PROBLEM REQUIREMENTS -
Set down the final stretch of the data, from the line that holds "富山県立高岡高校の制服写真画" through the last line, both included, with pictures left out.

▬▬▬

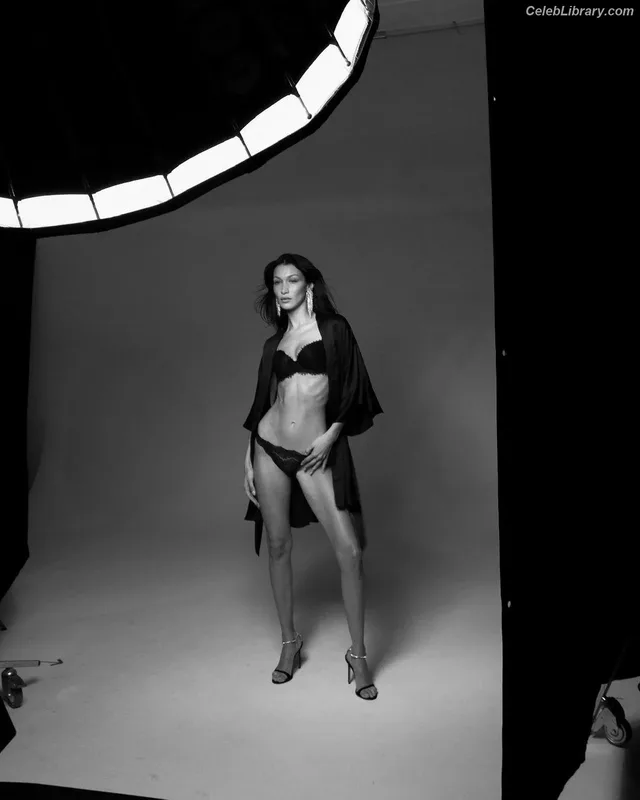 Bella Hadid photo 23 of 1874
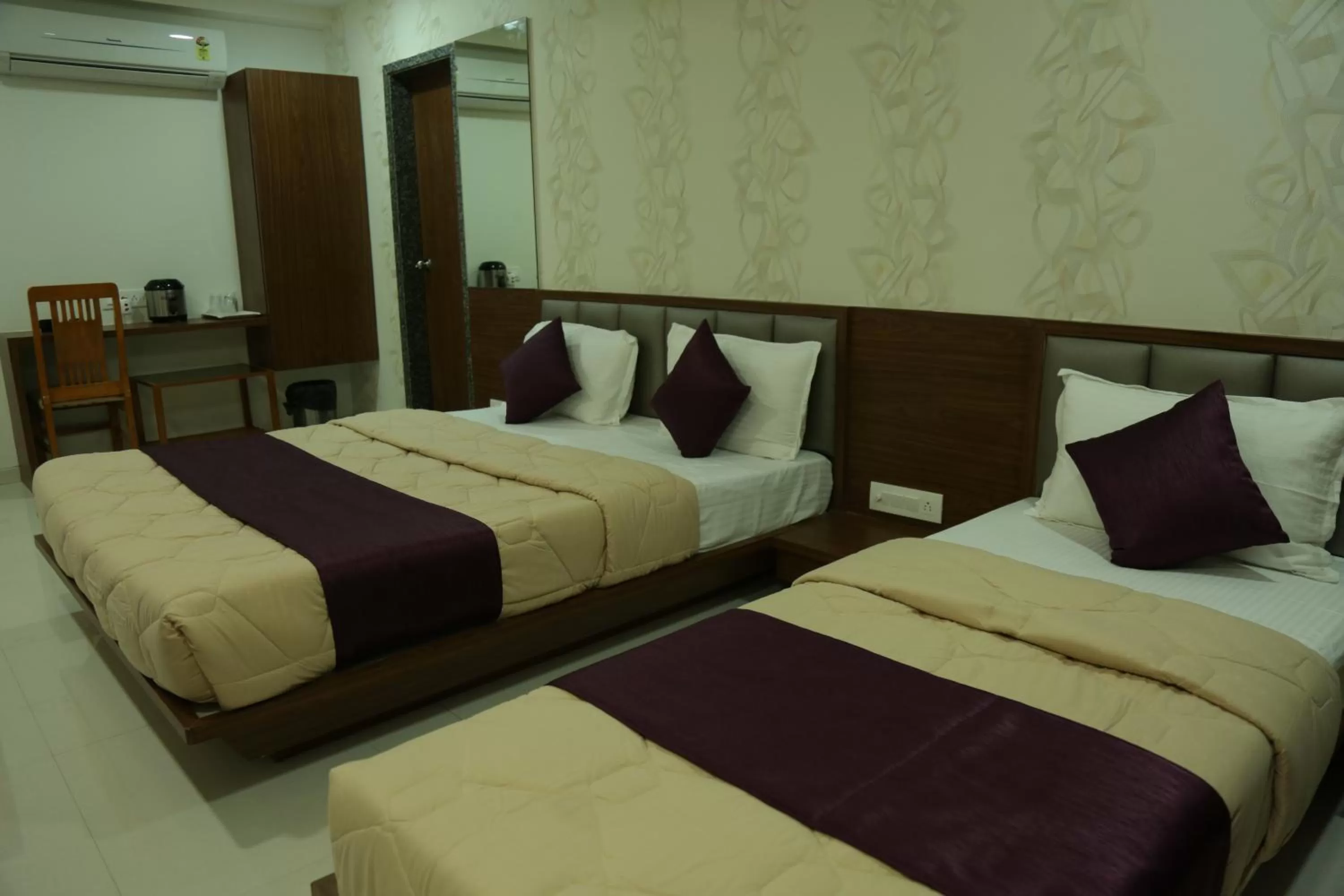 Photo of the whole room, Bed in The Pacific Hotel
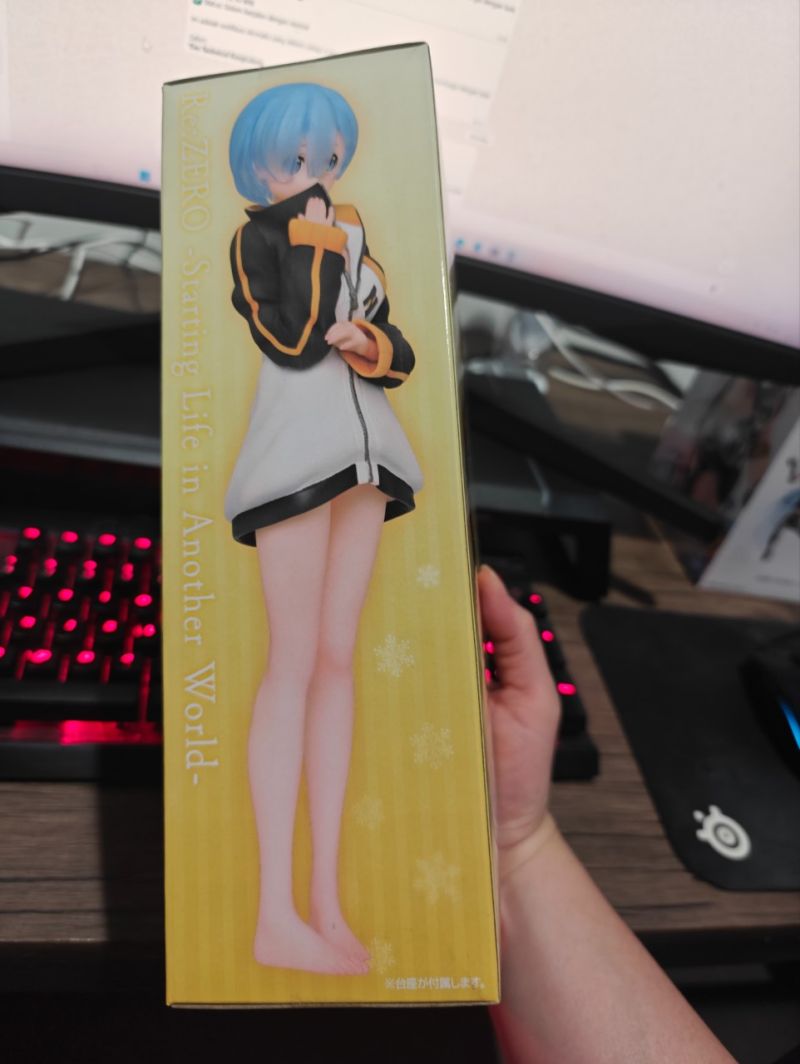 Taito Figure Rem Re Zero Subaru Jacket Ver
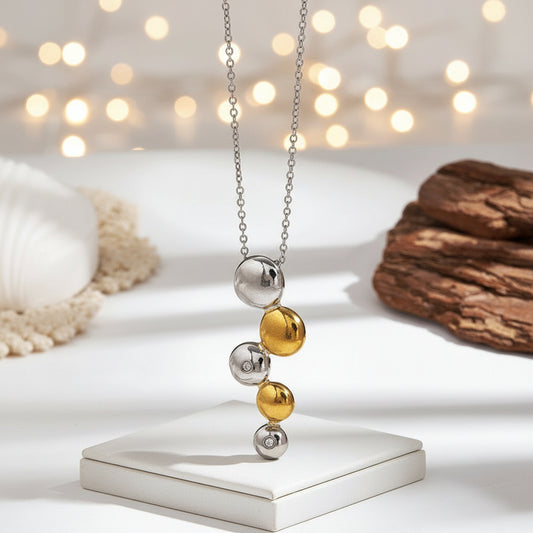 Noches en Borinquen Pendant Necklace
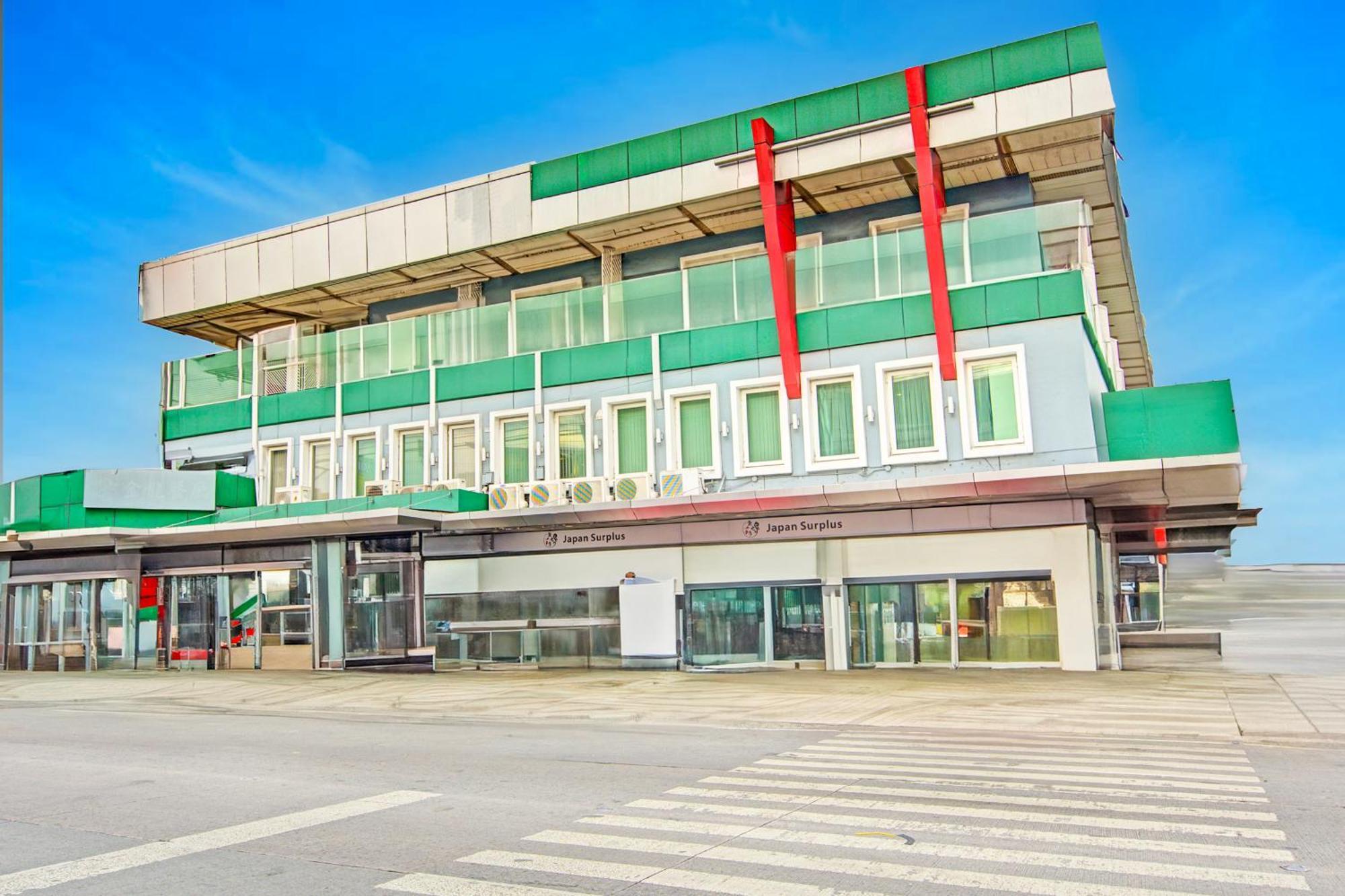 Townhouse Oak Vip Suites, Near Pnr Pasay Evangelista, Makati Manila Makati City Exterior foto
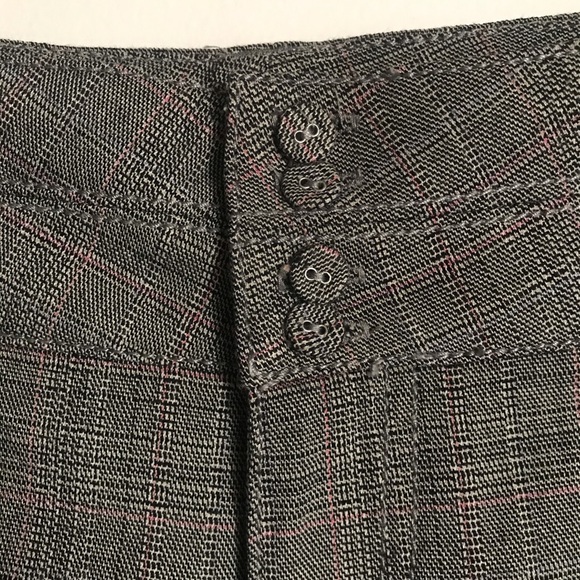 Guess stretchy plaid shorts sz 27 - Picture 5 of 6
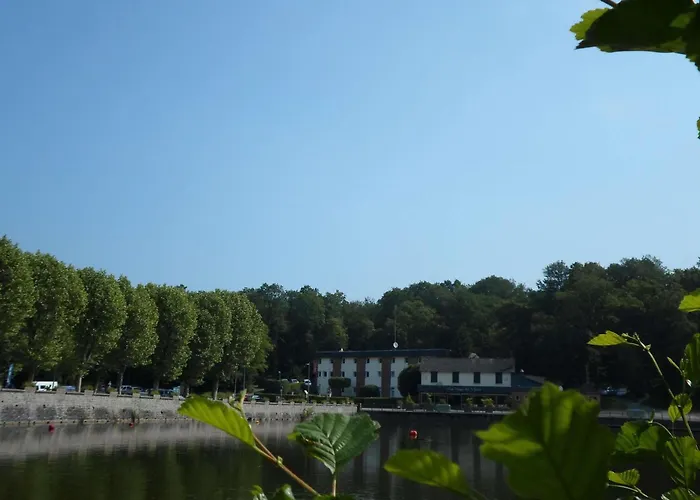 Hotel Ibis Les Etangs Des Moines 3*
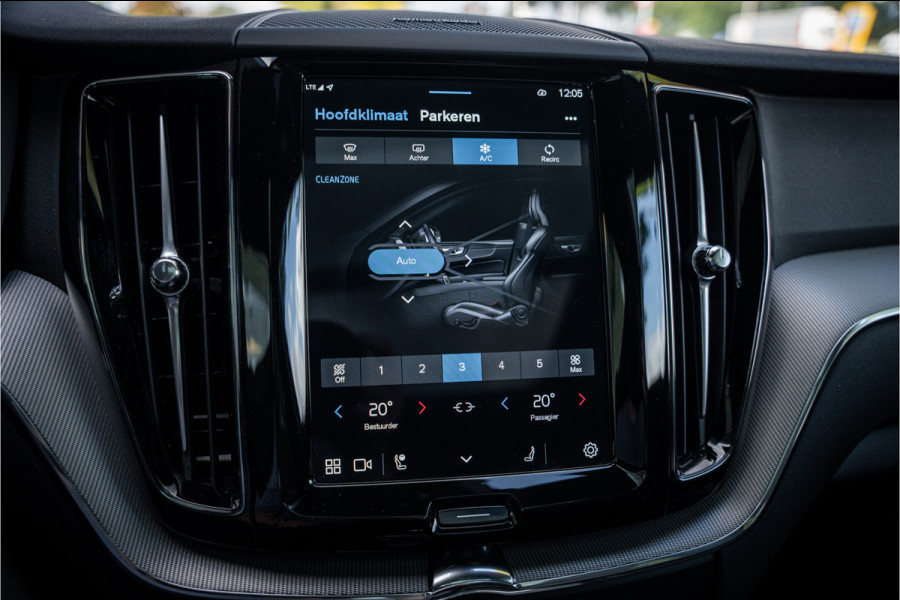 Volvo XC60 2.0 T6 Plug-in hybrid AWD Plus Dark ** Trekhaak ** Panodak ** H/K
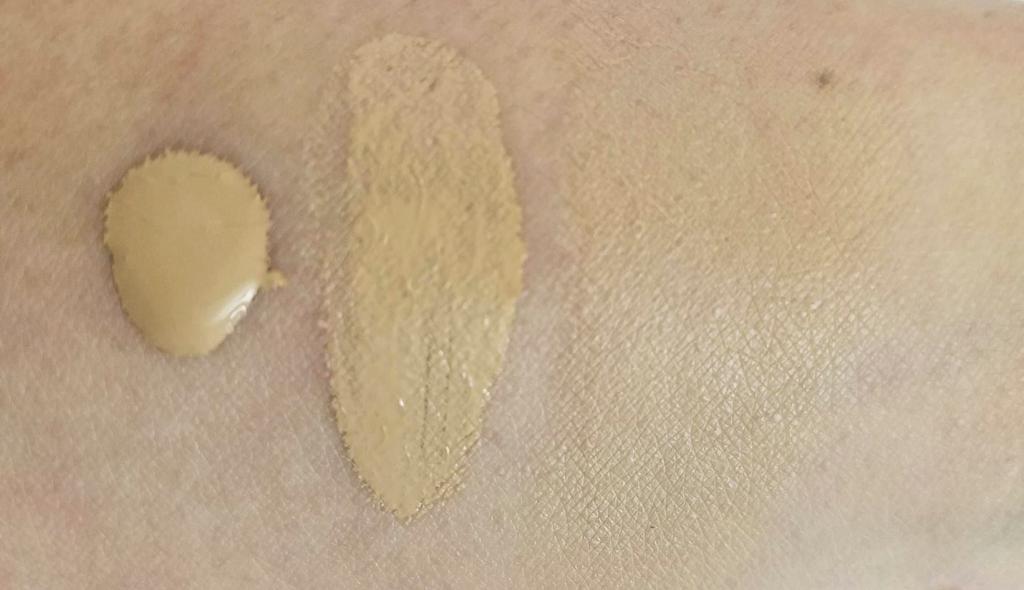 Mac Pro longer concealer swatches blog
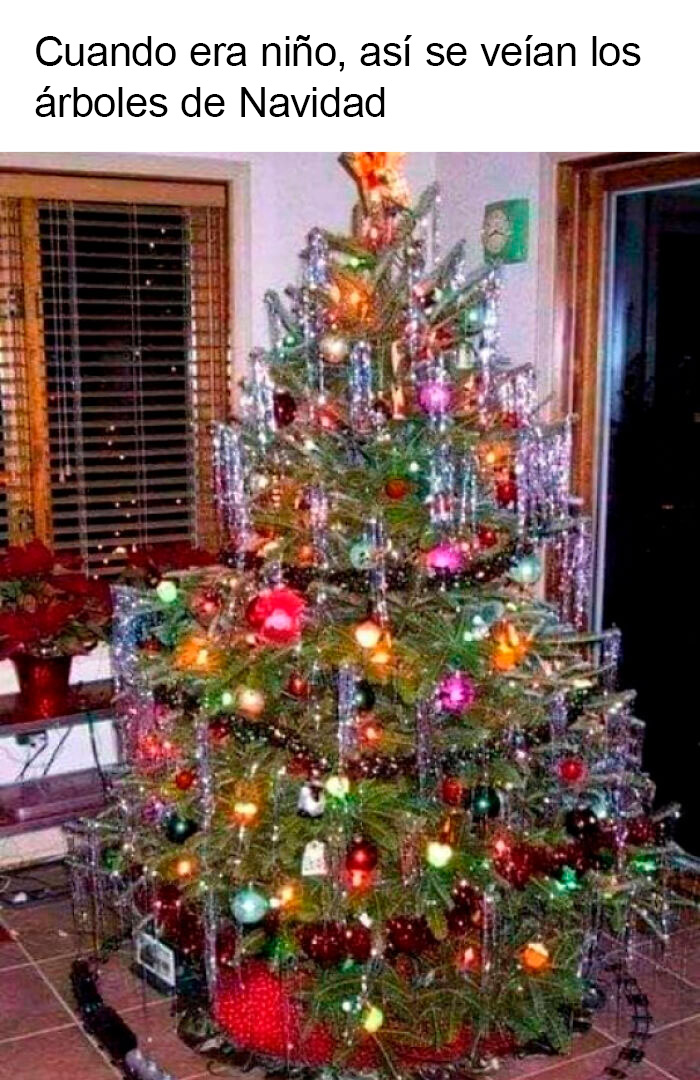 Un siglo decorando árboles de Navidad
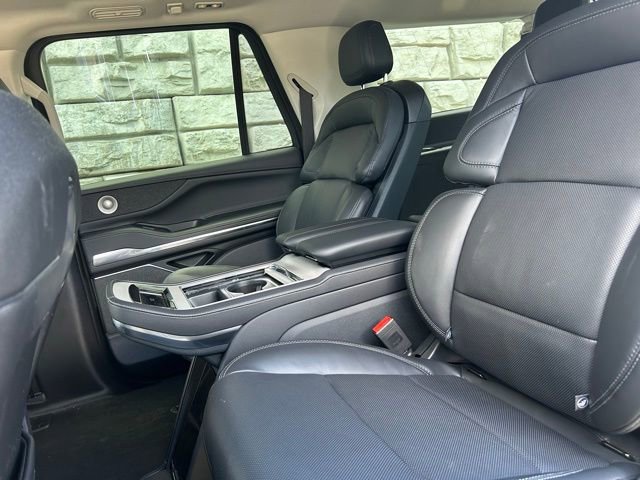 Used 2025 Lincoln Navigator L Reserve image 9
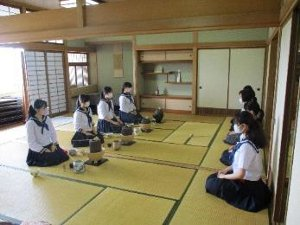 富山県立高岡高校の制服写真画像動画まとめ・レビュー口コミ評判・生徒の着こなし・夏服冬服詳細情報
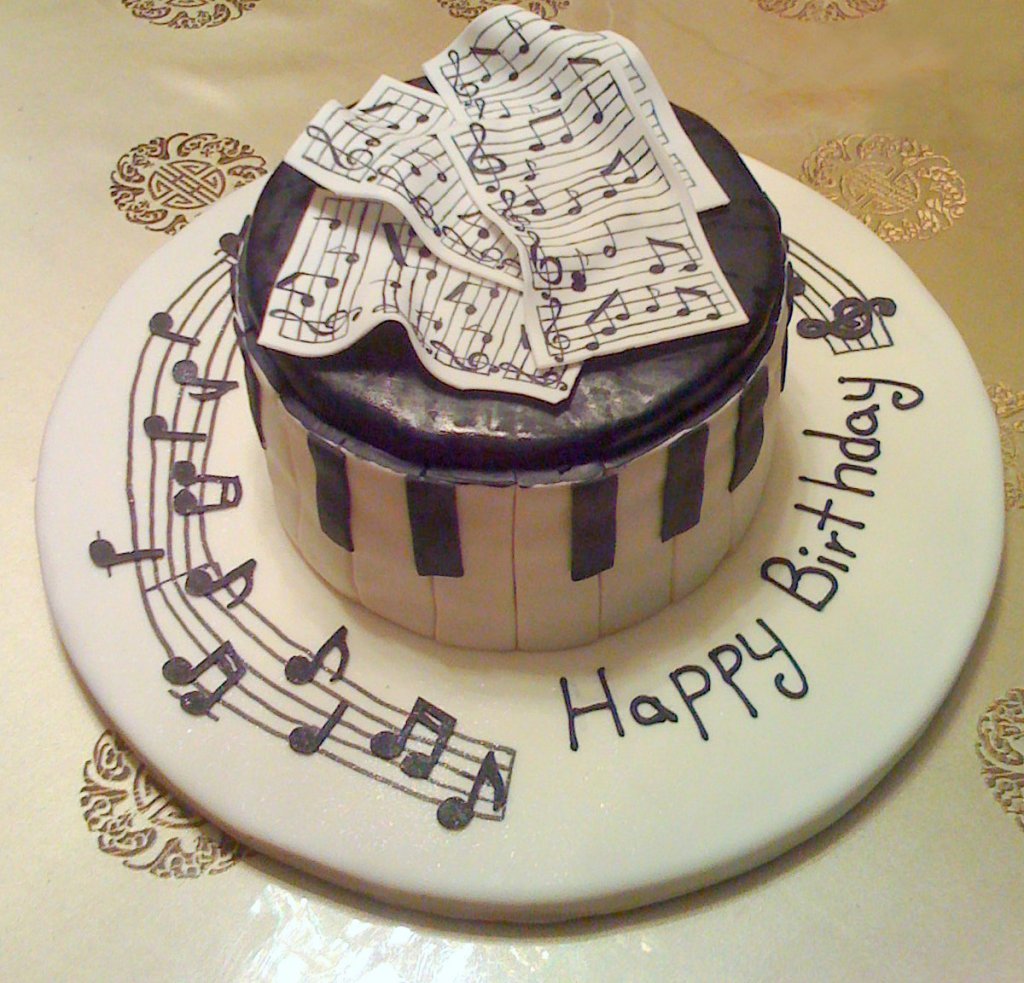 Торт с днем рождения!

▬▬▬

WRITTEN REPLY -
 富山県立高岡高校の制服写真画像動画まとめ・レビュー口コミ評判・生徒の着こなし・夏服冬服詳細情報
 Торт с днем рождения!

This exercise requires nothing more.